At this point, Plaintiff informed her father, who called police. He also called corporate offices of the pizza franchise and spoke with someone in human resources. Plaintiff did not return to work for one week. When she returned, her hours had been reduced, and she quit her job. It was Plaintiff’s belief that her hours were cut in retaliation for filing a complaint against her employer.
Her lawsuit contained various claims, including sexual harassment, failure to take reasonable steps to avoid harassment, and retaliation for reporting sexual harassment. She also made common law claims of negligence, assault and battery, and emotional distress. She sought both compensatory and punitive damages. As our Charlotte personal injury lawyers can explain, compensatory damages, as the name implies, are designed to compensate an injured party for any damages caused by the defendant’s negligent or intentional conduct. These are the normal form of damages awarded under our legal system.

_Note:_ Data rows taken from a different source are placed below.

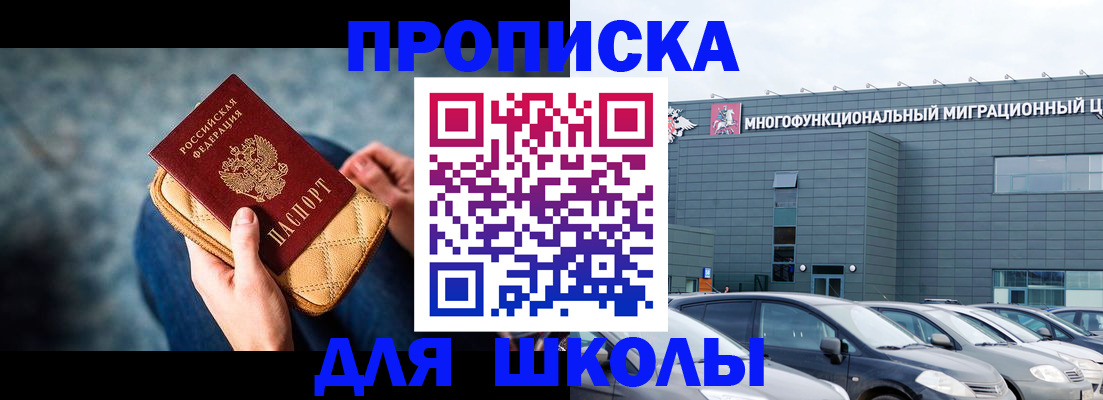 временная регистрация в Тетюшах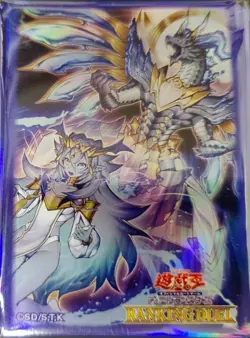 Yu-Gi-Oh Dominus Impulse RANKINGDUEL 2024 Official Card Sleeve Protector - Image 1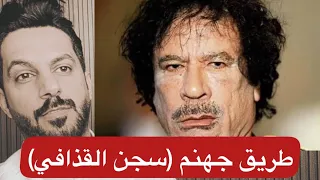 طريق جهنم سجن القذافي الجزء الأول خالد البديع 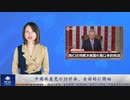中国共産党の3F計画、全面的に開始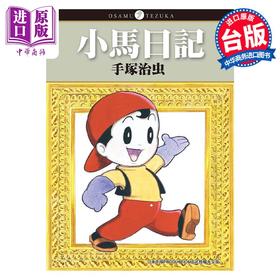 预售 【中商原版】漫画 小马日记 手冢治虫 台版漫画书 东贩出版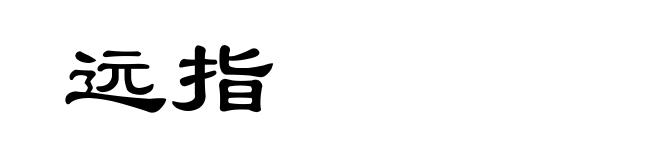 远指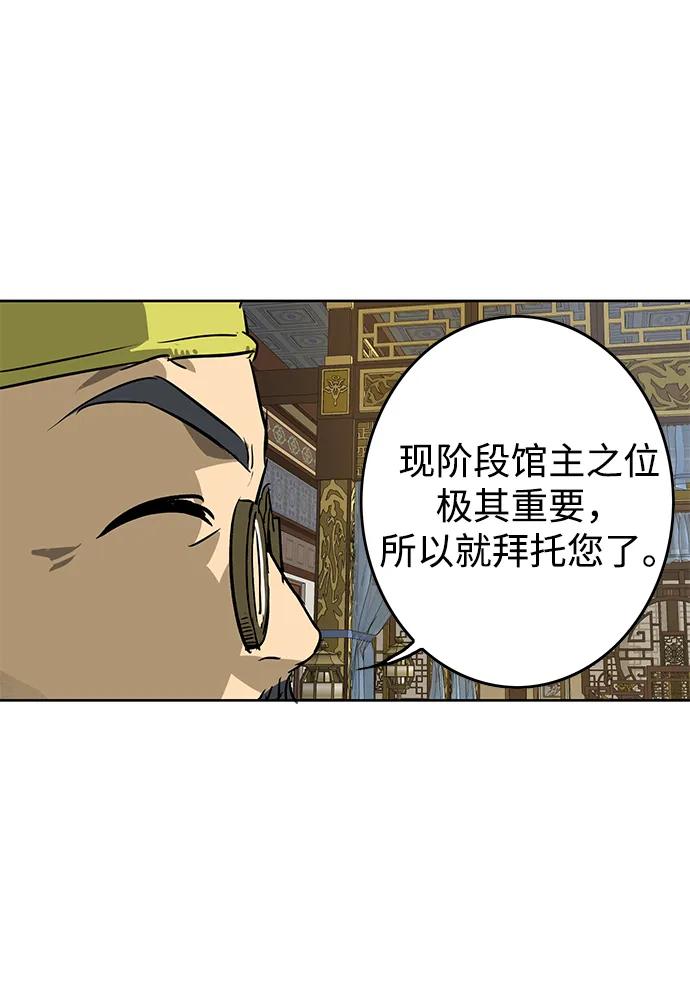 《无限升级in武林》[第68话] 勤劳所得 第70页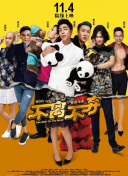 江湖少年诀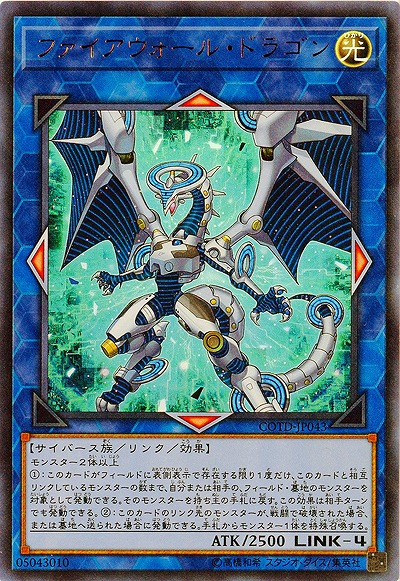 ファイアウォール・ドラゴン【COTD-JP043UR】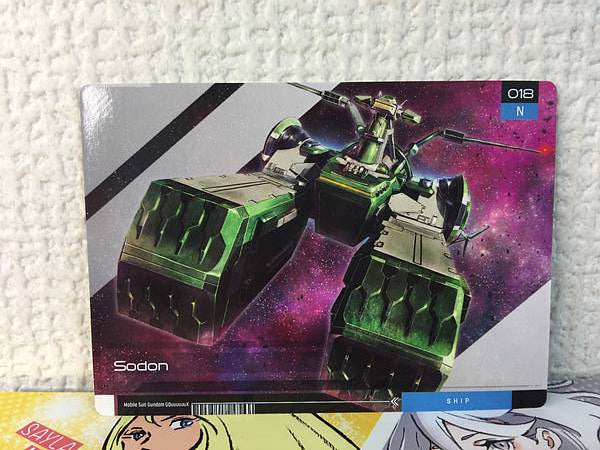 Colección de cartas Sodon 018 Gundam GQuuuuuuX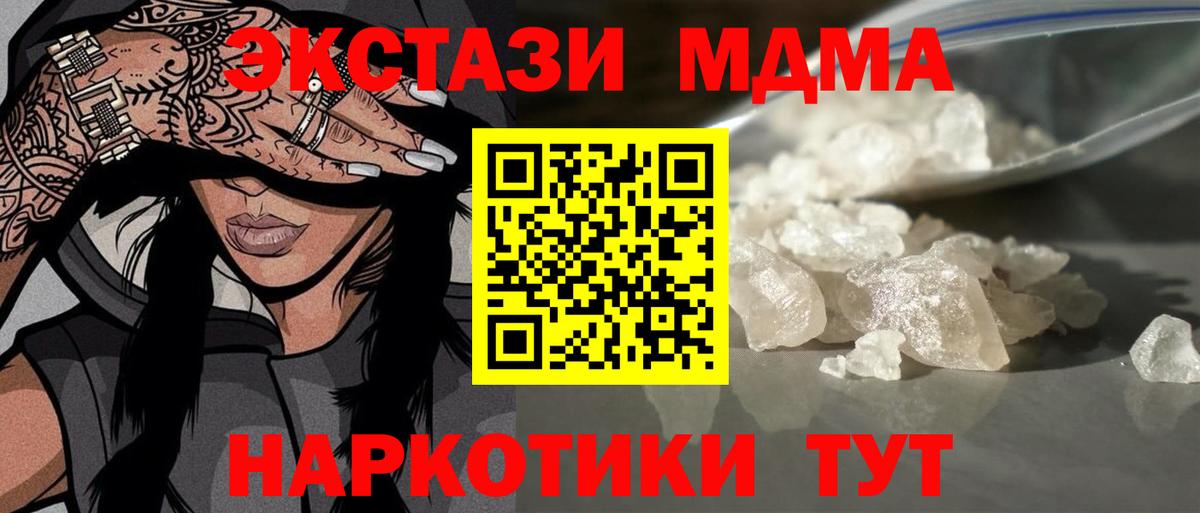 MDMA Molly Белореченск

However, if the defendant engages in conduct which shows a willful and wanton disregard for the health and safety of others, the court may allow for the award of punitive damages. Punitive damages are designed to punish the defendant and to send a message to others in the defendant’s position that this type of conduct will not be tolerated.

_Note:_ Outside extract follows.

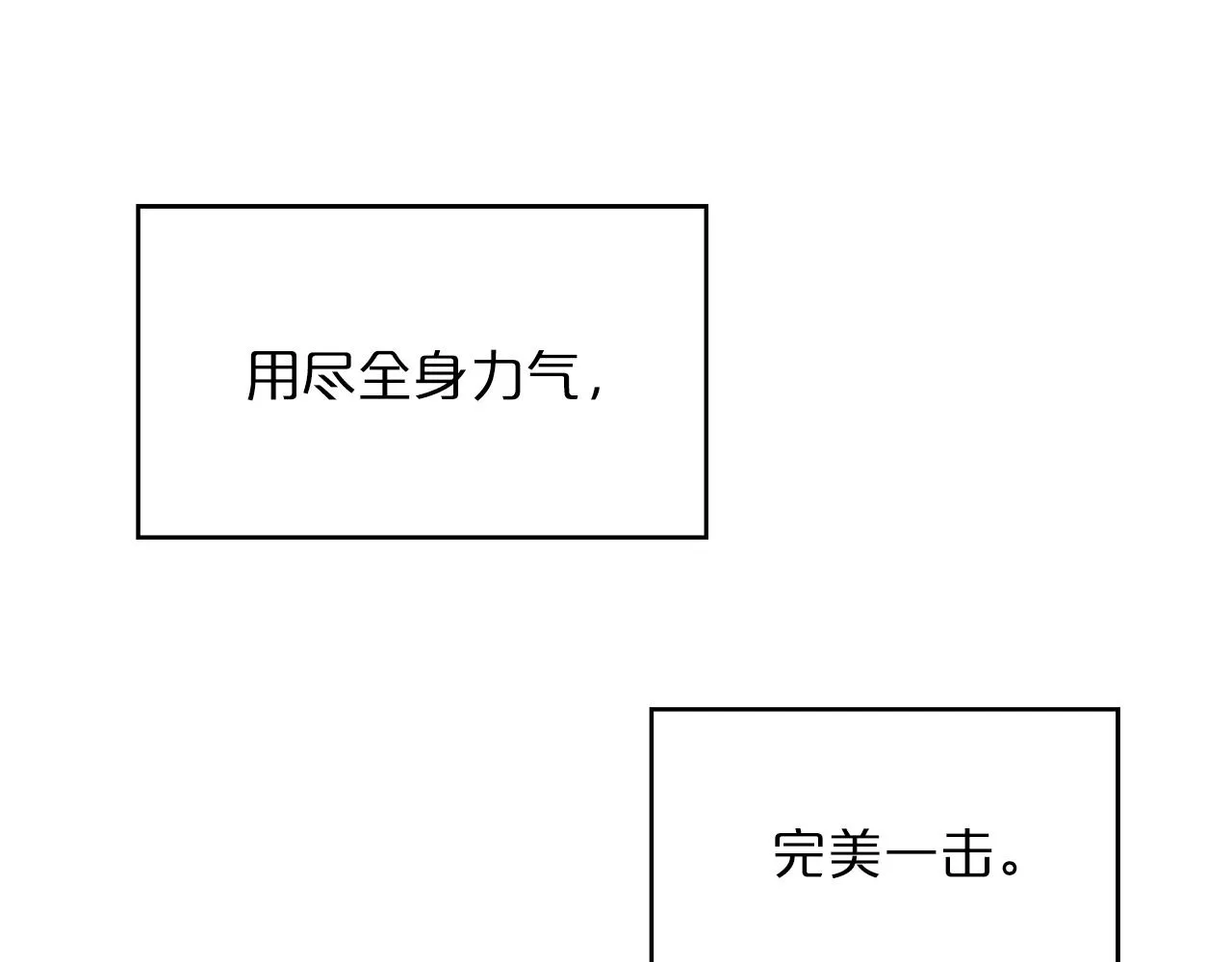 第29话 秘密洞穴 第62页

In response to the complaint, Defendant filed a motion for summary judgment, asking that the case be dismissed. The reason was that all of the claims related to the conduct of an employee. While an employer can be liable for the negligent conduct of an employee, Defendant claimed that it was not the supervisor’s employer. The national chain claimed that the individual store was operated by a franchisee that was actually the employer of the supervisor and not the company. In other words, the supervisor who allegedly harassed Plaintiff was not an agent of the company, but rather an agent of the franchisee that ran the day-to-day operations at the restaurant.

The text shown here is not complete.